En naciones desarrolladas, los procesos electorales tienen lugar entre dos, a lo sumo tres candidatos o partidos. En el nuestro, el número crece como la hierba. Por ese camino llegará un momento en que tendremos tantos candidatos como provincias, aunque les suene a exageración. Algunos de esos aspirantes a la presidencia saben a ciencia cierta que sus posibilidades son muy remotas, prácticamente inexistentes. Sin embargo, se aferran a esa aventura electoral conscientes de que en el país eso tiene sus ventajas y se traduce en privilegios y subsidios estatales, aunque, valga la aclaración, no es el caso de todos en el presente proceso.

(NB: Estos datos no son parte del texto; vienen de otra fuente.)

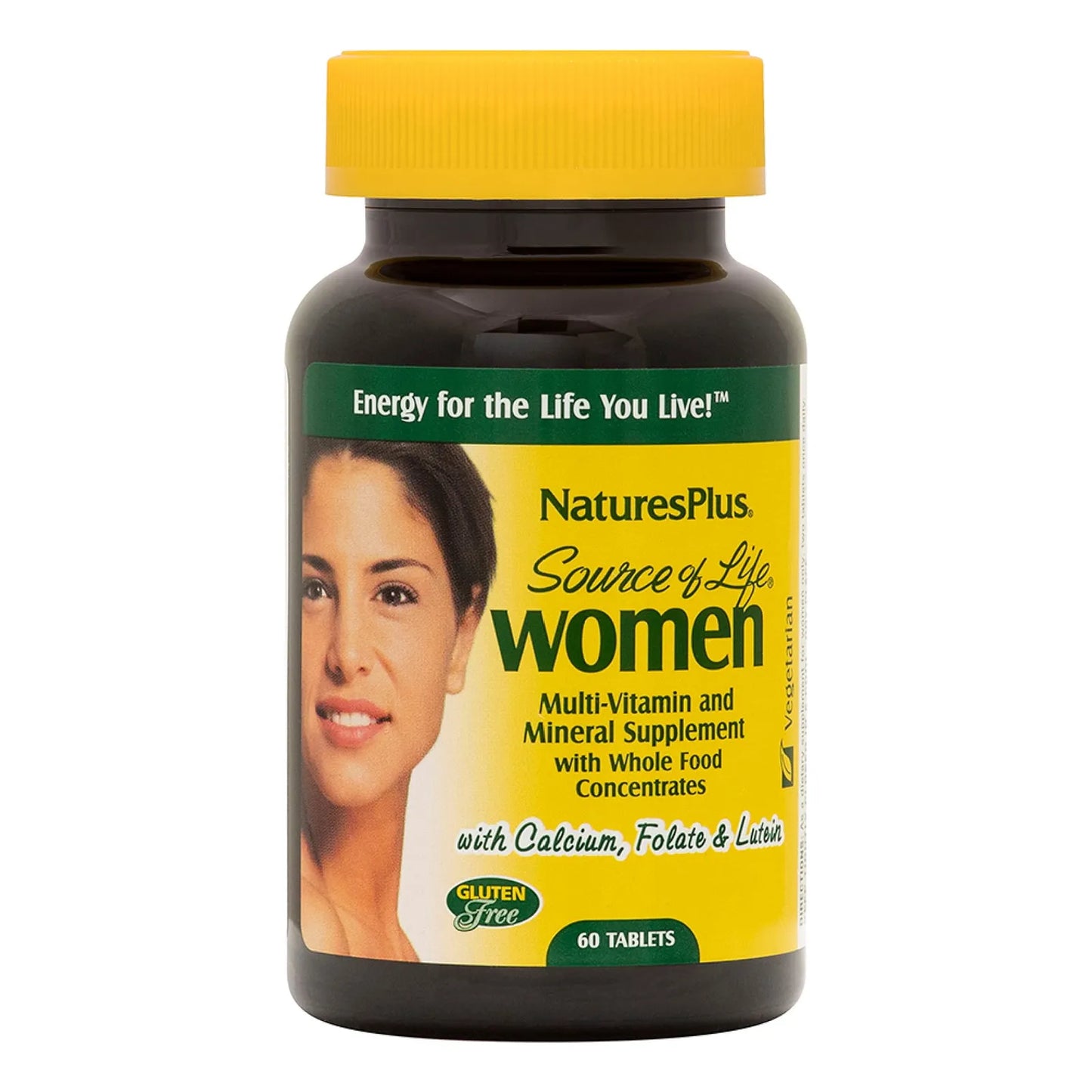 Multivitamínico Integral Mujeres 60 Tabletas Salud Energía Sin Gluten Vegetariano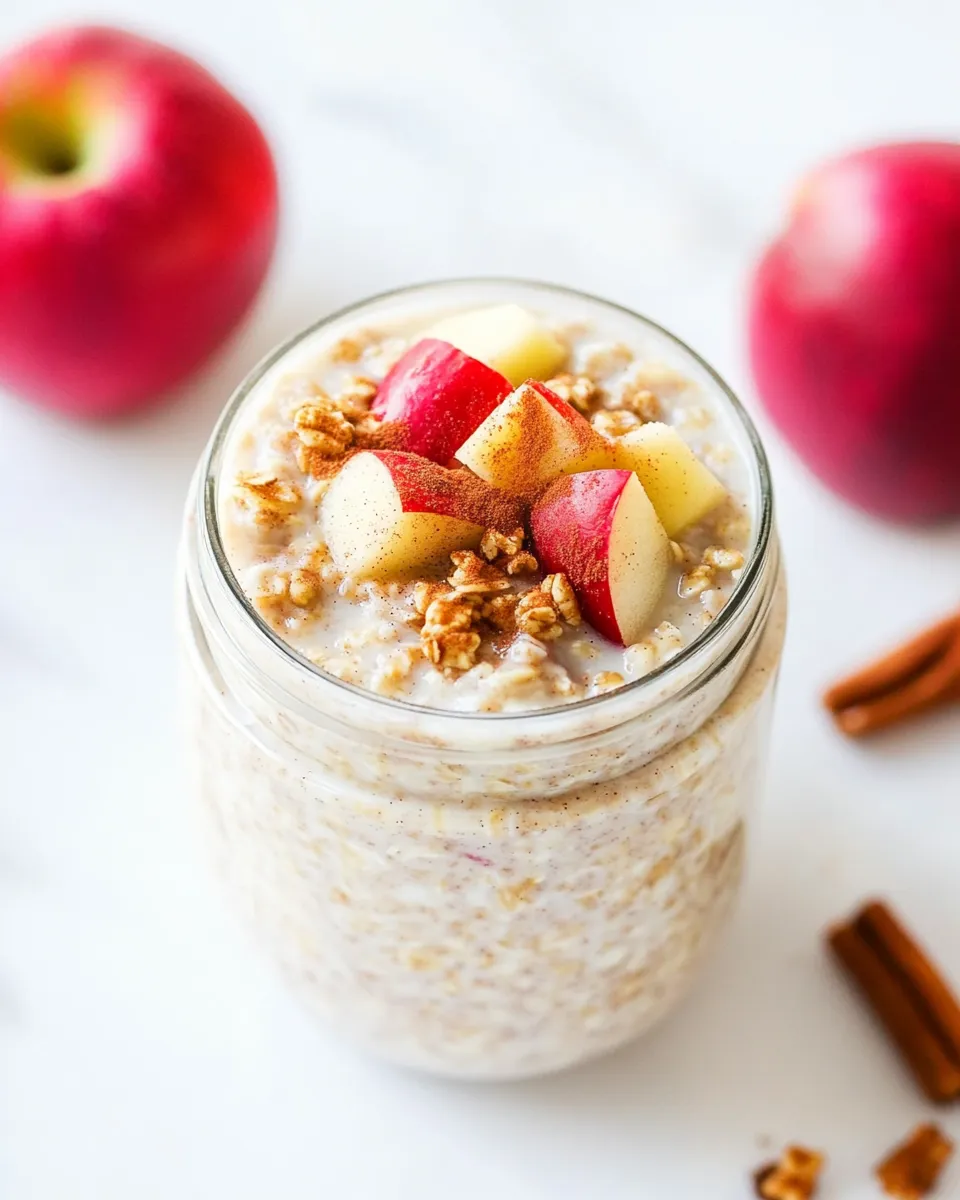 Homemade Apple Cinnamon Overnight Oats photo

Para ponerle fin a esa práctica y reglamentar con rigurosidad los procesos electorales, varias naciones han establecido normas muy rígidas de inscripción de candidaturas. Han establecido por ley que aquellos que obtengan menos de una cantidad determinada de votos no podrán postularse de nuevo para ese o cualquier otro cargo público. Es el caso, por ejemplo, de Colombia, donde existe el voto de rechazo. Los candidatos a un puesto que reciben menos del sufragio de repudio jamás pueden aspirar a una postulación para ningún cargo. En nuestro país se ha dado repetidamente el caso de que los votos a favor de un partido y su candidato han sido menos que las firmas de ciudadanos que hicieron posible su reconocimiento por la Junta Central Electoral.

Muchas veces, en el fondo, ciertas candidaturas sólo le hacen el  juego y benefician las aspiraciones personales de pequeños grupos o minúsculos partidos. Otras sólo consiguen disgregar el voto de oposición y restarle espacio a la opción mejor posicionada contra la oferta electoral de un gobierno. Todas ellas reclaman la representatividad de un cambio imposible de lograr sin romper las bases del sistema en una sociedad conservadora, sin poder llegar a explicar en qué realmente consiste ese cambio.